• [Task data]

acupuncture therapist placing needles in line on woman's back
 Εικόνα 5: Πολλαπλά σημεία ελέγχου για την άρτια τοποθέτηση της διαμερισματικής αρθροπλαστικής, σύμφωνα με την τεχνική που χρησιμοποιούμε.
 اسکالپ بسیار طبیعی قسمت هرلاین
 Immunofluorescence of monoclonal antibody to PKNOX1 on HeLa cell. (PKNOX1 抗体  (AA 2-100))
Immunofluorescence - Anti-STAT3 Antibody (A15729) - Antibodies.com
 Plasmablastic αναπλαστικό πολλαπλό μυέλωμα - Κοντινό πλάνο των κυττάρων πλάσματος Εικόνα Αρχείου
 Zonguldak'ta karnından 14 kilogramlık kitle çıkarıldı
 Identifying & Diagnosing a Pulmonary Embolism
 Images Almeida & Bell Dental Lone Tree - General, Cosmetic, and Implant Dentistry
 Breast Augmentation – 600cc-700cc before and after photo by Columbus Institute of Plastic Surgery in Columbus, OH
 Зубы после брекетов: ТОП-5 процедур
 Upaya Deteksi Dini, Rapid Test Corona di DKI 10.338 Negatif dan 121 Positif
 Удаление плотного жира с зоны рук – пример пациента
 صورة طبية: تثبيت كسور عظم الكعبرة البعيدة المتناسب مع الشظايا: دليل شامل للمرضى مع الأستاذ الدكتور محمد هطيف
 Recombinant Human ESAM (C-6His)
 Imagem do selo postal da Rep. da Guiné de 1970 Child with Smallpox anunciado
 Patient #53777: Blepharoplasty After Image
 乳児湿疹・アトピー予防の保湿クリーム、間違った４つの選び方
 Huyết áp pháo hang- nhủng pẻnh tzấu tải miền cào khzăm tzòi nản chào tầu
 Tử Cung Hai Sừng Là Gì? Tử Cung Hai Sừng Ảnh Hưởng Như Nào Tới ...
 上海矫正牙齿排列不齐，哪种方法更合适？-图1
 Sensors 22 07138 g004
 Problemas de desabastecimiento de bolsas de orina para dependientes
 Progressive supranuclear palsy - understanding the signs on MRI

• [How to complete this task] If a line in the listing has "Εικόνα" in it, report that line.

• [The answer]
 Εικόνα 5: Πολλαπλά σημεία ελέγχου για την άρτια τοποθέτηση της διαμερισματικής αρθροπλαστικής, σύμφωνα με την τεχνική που χρησιμοποιούμε.
 Plasmablastic αναπλαστικό πολλαπλό μυέλωμα - Κοντινό πλάνο των κυττάρων πλάσματος Εικόνα Αρχείου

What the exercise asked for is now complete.